4. Periodically, the buffered pairs are written to local disk, partitioned into R regions by the partitioning function. The locations of these buffered pairs on the local disk are passed back to the master, who is responsible for forwarding these locations to the reduce workers. When a reduce worker is notified by the master about these locations, it uses remote procedure calls
to read the buffered data from the local disks of the map workers. When a reduce worker has read all intermediate data, it sorts it by the intermediate keys so that all occurrences of the same key are grouped together. The sorting is needed because typically many different keys map to the same reduce task. If the amount of intermediate data is too large to fit in memory, an external sort is used.
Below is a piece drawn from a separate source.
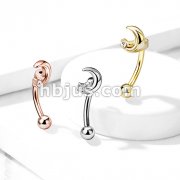 316L Surgical Steel Eyebrow Curved Barbell Crescent Moon With Crystal Star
6. The reduce worker iterates over the sorted intermediate data and for each unique intermediate key encountered, it passes the key and the corresponding set of intermediate values to the user's Reduce function. The output of the Reduce function is appended to a final output file for this reduce partition.
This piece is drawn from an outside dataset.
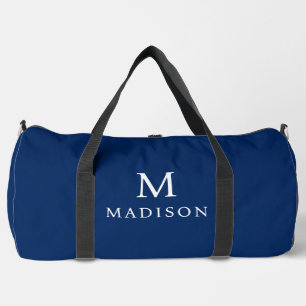 Minimal & elegant Blau & Weiß Individuelle Name Duffle Bag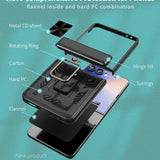 Galaxy Z Flip 7 Shockproof Armor Ring Case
7. When all map tasks and reduce tasks have been completed, the master wakes up the user program. At this point, the MapReduce call in the user program returns back to the user code.
After successful completion, the output of the mapreduce execution is available in the R output files (one per reduce task, with file names as specified by the user). Typically, users do not need to combine these R output files into one file . they often pass these files as input to another MapReduce call, or use them from another distributed application that is able to deal with input that is partitioned into multiple files.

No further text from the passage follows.